Photographie de presse. Une enseignante donne son accord pour être photographiée lors d’un reportage de presse dans son école, autorisé par sa hiérarchie. La photo est ensuite vendue à une agence qui l’utilise pour illustrer un autre sujet. Cette utilisation est fautive (Cour d’appel de Paris, 27 septembre 2017).
Internet. Les juges sanctionnent un contribuable qui a diffusé sur son blog une séquence filmée avec le consentement d’un inspecteur des impôts qui n’avait pas été interrogé sur cette diffusion (Cass. civ. 1ère, 15 janvier 2015) alors que d’autres juges refusent de sanctionner un homme qui a diffusé, sur les réseaux sociaux, une photographie de son ex compagne qui, enceinte, avait accepté d’être photographiée nue (Cass. crim., 16 mars 2016).
Action bâillon. Le bénéficiaire d’une procédure d’arbitrage, monsieur T., tente d’obtenir d’un juge qu’’il condamne pour diffamation, un professeur de droit qui, dans une interview à un hebdomadaire, déclare que la procédure d’arbitrage est illégale. Il retire sa plainte au dernier moment et se trouve condamné à payer 35 000 € au professeur pour procédure abusive (Trib. correctionnel Paris, 2 décembre 2011).

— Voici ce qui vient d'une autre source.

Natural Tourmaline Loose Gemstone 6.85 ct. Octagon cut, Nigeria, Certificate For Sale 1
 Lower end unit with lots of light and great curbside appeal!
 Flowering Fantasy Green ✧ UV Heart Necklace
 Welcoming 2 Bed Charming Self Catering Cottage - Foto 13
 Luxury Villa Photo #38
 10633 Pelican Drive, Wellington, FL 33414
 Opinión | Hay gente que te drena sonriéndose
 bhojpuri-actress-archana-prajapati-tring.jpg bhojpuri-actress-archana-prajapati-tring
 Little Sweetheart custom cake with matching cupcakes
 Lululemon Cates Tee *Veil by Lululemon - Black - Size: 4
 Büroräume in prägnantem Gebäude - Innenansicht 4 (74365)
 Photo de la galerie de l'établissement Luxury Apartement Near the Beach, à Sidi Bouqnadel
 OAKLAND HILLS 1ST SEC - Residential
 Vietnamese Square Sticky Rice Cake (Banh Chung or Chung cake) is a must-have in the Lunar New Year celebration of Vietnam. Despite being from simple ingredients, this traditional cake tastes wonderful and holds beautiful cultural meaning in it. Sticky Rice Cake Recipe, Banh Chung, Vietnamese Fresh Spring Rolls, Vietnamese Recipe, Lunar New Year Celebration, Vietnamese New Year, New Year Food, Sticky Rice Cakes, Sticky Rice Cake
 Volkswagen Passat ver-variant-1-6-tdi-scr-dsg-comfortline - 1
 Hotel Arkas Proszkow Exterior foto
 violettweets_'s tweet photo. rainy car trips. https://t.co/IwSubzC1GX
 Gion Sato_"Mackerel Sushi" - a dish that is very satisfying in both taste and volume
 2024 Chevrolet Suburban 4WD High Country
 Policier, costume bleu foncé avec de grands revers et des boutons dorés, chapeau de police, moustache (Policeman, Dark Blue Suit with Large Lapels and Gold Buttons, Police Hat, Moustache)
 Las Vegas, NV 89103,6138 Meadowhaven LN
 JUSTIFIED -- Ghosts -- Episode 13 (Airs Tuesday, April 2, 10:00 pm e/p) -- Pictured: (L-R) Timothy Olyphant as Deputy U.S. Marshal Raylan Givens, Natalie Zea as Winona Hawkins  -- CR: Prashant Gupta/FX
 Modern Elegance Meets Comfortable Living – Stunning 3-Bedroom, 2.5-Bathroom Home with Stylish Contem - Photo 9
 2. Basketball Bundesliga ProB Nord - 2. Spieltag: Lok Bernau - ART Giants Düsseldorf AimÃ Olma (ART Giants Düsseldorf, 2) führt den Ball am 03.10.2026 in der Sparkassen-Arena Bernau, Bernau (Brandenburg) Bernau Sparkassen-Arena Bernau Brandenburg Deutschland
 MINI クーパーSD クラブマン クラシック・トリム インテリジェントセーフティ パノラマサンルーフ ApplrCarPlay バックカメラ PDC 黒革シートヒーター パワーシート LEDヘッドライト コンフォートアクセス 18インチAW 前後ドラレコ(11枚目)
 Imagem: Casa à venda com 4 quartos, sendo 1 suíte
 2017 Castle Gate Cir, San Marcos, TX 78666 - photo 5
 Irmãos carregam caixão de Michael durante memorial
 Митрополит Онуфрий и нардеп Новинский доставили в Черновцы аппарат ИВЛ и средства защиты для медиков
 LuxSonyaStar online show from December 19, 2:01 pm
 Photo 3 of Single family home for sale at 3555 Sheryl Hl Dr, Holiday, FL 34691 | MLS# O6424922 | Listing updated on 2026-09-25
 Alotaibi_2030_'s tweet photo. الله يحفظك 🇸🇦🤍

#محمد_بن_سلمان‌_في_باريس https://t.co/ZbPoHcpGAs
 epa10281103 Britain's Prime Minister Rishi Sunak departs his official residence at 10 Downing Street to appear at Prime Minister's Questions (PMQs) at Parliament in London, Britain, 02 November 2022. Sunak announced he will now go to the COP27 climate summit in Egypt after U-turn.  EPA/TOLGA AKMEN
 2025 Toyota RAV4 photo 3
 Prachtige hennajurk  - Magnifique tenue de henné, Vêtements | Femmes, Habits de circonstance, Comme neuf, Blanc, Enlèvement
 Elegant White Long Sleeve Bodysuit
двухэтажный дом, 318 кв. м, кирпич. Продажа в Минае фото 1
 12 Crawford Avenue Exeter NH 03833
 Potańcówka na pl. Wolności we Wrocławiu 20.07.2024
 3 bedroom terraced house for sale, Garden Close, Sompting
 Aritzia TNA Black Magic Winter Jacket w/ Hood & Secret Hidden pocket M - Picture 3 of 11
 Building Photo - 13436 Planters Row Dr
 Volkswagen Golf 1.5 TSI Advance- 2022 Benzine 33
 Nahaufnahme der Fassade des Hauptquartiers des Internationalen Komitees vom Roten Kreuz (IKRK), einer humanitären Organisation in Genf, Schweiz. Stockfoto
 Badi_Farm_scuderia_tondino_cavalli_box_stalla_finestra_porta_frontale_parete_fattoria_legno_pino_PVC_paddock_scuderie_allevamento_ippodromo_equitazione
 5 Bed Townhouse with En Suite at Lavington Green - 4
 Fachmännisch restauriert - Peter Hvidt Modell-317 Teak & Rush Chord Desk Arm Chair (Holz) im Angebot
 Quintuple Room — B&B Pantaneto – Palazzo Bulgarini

Œuvre de fiction. Une chaine de télévision réalise et diffuse un téléfilm présenté comme une fiction mais s’inspirant d’une affaire criminelle et incluant des épisodes de la vie intime des protagonistes identifiables de l’affaire criminelle. Elle est condamnée pour atteinte à la vie privée (Cass. civ. 1ère, 30 septembre 2015).
Caricature. Un hebdomadaire français reproduit des caricatures de Mahomet, dont plusieurs ont été préalablement publiées dans un journal danois. Plusieurs associations attaquent le directeur de la publication pour injures publiques envers un groupe de personnes à raison de sa religion Les juges décident que l’infraction n’est pas constituée parce que les caricatures ne visent clairement qu’une partie de la communauté musulmane (Cour d’appel Paris, 12 mars 2008).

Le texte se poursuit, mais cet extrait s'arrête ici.